In the same statement, Financial Secretary Paul Chan said it promotes liquidity as well as sustainable development of the ETF markets on both sides of the border. "The initiative also promotes the further opening up of the mainland financial market, and at the same time, consolidates Hong Kong's role as the gateway and the bridge for flows of international and mainland capital."

"The inclusion of the ETFs into the stock connect schemes can be seen as a gift by Beijing to Hong Kong to celebrate the handover anniversary," said Christopher Cheung Wah-fung, vice-chairman of the Business and Professionals Alliance for Hong Kong (BPA), a pro-Beijing political group in the city.

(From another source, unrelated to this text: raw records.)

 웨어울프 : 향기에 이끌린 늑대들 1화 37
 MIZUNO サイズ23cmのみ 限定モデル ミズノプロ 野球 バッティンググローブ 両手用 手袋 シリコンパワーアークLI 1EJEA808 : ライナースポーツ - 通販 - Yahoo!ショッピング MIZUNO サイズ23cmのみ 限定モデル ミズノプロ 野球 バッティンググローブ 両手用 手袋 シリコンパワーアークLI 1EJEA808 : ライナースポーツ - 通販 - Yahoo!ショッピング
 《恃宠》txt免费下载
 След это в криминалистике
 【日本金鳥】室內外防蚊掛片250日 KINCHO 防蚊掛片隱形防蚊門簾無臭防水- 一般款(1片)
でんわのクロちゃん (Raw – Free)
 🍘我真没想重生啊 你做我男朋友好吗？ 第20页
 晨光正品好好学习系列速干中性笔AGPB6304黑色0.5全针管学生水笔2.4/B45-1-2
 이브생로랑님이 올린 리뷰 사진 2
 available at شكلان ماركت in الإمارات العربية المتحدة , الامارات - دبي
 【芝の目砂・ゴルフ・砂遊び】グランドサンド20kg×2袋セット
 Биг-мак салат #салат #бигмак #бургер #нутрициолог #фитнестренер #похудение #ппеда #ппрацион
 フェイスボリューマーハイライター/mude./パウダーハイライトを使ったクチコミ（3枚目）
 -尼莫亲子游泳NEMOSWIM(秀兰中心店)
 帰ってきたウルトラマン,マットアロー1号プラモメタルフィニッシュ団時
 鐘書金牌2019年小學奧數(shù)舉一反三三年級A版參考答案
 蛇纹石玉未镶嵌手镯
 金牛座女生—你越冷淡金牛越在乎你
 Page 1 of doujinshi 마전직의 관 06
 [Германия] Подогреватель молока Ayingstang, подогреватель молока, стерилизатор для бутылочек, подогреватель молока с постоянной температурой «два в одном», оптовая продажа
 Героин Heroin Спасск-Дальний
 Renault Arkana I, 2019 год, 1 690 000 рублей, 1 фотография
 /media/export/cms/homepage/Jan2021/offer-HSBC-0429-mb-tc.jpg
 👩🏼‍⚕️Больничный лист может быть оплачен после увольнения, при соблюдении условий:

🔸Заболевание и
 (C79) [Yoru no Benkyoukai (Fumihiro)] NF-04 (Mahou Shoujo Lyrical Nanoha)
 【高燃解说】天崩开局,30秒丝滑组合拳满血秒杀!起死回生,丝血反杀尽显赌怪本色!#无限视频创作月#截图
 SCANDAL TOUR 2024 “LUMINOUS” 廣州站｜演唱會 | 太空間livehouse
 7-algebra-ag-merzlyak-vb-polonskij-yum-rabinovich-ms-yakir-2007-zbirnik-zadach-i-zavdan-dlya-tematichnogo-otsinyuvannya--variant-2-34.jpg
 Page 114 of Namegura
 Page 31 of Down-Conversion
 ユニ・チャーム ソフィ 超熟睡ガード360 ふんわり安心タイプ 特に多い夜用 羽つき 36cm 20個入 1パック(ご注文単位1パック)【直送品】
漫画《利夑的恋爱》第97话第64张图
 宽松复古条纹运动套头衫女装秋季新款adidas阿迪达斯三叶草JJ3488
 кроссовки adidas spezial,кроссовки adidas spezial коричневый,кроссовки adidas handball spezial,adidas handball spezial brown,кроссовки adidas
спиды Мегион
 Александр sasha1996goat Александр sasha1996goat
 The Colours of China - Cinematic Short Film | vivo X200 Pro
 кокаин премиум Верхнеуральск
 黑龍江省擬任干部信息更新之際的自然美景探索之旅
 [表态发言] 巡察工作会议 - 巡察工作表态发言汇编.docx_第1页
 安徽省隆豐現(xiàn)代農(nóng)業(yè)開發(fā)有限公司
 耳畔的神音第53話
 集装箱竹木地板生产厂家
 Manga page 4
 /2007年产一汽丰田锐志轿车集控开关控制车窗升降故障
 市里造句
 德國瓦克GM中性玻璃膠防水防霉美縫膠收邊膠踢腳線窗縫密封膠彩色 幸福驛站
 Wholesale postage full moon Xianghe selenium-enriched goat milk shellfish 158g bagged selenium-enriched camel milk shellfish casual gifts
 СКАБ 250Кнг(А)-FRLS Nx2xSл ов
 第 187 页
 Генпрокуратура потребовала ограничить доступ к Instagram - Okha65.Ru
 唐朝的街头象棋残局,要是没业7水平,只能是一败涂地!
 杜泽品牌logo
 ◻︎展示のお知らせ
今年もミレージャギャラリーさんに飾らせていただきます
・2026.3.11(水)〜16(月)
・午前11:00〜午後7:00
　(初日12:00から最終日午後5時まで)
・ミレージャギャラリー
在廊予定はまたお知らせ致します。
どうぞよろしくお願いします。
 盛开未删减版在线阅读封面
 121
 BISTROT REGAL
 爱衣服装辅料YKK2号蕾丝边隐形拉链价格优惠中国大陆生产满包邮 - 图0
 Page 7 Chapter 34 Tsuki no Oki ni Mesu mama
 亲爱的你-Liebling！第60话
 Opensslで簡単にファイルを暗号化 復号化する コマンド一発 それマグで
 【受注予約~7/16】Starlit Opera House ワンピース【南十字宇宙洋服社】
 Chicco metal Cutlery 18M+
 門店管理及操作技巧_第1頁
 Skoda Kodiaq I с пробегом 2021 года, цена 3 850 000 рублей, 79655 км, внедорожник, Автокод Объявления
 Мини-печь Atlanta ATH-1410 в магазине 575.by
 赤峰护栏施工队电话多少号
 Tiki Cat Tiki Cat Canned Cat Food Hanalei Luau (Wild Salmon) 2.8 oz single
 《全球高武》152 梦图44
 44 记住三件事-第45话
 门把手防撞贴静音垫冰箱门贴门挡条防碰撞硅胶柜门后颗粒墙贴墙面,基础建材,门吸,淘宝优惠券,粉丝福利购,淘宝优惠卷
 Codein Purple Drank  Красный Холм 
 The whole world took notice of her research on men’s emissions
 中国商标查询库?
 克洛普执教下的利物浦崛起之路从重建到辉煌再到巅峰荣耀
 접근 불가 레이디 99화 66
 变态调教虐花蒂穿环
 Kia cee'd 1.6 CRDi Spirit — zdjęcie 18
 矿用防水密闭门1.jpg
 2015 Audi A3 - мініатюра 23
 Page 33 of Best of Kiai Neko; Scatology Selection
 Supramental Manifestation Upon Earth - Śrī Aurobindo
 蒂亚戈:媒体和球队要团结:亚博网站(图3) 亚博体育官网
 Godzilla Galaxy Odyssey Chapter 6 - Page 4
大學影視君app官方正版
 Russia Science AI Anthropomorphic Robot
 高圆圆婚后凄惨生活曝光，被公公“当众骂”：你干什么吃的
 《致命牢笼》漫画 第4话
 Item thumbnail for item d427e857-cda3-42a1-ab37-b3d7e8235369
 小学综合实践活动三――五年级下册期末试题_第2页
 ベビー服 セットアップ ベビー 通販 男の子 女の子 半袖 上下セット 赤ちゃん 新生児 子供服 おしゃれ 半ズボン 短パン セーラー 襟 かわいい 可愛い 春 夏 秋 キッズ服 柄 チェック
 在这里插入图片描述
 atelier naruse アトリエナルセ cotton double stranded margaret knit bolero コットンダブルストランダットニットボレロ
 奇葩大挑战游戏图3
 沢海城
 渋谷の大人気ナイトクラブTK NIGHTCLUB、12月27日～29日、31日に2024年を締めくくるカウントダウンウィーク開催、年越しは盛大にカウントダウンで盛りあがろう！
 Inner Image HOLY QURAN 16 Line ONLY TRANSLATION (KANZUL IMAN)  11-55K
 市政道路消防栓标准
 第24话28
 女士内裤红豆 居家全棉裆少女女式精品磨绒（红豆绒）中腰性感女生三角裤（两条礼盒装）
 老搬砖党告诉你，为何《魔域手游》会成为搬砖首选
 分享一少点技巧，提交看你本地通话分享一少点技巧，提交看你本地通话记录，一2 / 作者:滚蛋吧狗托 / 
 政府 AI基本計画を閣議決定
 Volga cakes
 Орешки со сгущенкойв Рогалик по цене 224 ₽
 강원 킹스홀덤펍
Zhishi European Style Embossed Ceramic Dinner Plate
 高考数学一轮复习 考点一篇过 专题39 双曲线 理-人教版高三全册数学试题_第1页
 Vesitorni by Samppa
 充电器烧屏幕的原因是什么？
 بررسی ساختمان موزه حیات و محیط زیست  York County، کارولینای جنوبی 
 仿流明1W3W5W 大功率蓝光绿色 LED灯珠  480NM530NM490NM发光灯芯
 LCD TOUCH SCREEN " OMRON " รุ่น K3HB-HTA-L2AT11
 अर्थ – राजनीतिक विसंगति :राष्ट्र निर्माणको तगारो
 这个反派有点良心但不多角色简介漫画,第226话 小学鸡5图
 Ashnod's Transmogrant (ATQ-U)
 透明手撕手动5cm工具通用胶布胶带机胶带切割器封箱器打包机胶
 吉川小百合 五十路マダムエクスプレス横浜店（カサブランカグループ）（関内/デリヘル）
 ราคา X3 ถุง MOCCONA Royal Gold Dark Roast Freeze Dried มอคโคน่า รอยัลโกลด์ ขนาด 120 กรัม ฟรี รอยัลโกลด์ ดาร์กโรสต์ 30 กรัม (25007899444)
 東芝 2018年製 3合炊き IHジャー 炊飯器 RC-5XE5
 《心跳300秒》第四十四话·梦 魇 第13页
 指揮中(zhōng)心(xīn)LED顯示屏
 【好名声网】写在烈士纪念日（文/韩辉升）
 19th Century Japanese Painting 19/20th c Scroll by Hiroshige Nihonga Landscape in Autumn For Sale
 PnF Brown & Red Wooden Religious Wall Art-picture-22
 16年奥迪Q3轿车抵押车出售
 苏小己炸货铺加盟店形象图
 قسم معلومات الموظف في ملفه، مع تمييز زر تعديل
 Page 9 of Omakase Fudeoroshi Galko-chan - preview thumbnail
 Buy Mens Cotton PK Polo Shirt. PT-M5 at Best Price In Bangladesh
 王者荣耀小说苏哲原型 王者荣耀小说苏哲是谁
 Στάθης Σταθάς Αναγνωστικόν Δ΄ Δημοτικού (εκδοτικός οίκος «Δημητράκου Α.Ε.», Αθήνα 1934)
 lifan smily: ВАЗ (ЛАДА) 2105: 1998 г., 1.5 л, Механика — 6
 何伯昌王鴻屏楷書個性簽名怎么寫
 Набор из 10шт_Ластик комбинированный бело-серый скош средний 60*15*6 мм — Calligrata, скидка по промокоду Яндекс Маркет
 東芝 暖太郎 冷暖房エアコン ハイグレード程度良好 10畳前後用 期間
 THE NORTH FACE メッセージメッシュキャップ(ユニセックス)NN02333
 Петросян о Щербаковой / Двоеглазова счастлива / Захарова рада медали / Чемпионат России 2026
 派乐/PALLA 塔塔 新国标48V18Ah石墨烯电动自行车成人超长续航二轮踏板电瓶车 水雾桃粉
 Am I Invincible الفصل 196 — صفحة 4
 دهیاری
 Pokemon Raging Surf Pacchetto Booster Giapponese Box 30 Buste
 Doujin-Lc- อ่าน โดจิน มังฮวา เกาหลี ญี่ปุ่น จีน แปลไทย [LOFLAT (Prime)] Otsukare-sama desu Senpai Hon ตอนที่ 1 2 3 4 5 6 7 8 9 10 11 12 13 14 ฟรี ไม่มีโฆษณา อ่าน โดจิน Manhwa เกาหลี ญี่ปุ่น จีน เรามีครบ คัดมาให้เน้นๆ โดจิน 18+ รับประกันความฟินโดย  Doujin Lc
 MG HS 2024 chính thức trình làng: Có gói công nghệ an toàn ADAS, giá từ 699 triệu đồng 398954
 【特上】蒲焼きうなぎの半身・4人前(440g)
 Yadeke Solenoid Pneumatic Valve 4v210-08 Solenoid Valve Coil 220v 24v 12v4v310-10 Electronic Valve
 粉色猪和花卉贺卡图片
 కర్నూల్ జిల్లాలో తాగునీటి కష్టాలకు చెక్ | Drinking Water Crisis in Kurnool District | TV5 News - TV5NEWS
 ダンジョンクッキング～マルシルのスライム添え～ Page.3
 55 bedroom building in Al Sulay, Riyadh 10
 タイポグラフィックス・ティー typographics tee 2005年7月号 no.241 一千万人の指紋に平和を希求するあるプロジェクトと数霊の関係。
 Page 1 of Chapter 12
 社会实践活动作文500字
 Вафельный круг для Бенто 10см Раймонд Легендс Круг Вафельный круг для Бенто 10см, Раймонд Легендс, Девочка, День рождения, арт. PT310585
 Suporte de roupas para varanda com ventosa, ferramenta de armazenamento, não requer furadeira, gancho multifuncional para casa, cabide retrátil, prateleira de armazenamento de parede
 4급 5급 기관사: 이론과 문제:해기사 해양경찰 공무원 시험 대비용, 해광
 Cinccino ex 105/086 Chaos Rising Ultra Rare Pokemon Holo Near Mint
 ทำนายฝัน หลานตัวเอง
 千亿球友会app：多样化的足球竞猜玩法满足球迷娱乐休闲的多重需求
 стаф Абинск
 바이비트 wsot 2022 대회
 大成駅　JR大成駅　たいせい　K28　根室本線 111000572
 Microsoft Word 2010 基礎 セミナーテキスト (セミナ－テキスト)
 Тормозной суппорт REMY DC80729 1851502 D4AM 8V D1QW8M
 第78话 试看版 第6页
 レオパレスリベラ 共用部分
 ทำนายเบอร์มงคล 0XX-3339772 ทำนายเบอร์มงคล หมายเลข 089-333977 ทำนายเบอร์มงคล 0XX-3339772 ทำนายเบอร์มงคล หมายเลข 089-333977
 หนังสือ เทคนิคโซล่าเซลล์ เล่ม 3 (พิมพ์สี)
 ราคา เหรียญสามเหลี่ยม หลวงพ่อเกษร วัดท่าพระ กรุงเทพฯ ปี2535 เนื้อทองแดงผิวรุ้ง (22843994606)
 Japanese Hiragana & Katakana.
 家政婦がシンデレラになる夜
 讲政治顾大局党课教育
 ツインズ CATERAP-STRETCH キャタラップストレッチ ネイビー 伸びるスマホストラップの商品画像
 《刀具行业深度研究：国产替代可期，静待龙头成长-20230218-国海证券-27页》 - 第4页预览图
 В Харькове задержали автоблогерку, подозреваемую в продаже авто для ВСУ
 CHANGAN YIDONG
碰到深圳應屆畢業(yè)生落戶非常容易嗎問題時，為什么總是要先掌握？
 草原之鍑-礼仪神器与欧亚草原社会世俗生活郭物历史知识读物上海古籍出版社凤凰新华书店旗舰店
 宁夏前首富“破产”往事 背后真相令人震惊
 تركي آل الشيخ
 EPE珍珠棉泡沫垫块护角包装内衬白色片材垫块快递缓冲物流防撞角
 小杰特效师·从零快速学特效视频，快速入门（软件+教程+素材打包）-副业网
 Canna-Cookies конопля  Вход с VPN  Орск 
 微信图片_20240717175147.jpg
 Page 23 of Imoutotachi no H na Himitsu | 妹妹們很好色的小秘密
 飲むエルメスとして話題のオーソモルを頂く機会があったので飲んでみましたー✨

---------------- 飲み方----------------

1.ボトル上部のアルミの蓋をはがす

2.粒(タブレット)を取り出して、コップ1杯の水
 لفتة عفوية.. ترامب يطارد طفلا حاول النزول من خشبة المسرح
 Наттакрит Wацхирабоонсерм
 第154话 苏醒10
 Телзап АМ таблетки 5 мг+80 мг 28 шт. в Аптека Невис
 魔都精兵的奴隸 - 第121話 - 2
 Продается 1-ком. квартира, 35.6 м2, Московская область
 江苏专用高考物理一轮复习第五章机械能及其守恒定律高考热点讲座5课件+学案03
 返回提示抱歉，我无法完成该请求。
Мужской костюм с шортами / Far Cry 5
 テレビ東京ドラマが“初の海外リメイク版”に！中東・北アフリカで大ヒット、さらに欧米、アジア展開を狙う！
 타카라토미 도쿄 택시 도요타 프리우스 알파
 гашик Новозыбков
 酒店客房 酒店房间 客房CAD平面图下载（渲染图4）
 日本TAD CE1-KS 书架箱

It follows announcements of other financial connect programmes which were considered "gifts" on previous handover anniversaries, including the northbound bond connect in July 2017, and Wealth Management Connect scheme in June 2020.

On Friday, the CSRC also released draft regulatory guidelines listing criteria for the ETFs that can join the programme.

Those on the mainland need to maintain an average daily assets under management (AUM) level of 1.5 billion yuan (US$223.93 million) over the past six months, with their components mostly listed in Shanghai and Shenzhen. The ETFs in Hong Kong must have a daily average AUM of at least HK$1.7 billion (US$216.5 million), while their underlying assets listed in Hong Kong.

The launch will add more capital to both the onshore and offshore ETF markets, said Alan Li, portfolio manager at Atta Capital in Hong Kong. "The trading cost of ETFs is lower than trading stocks. That will attract not only more retail investors, but also institutional investors who can find an extra [avenue] for cross-border investment."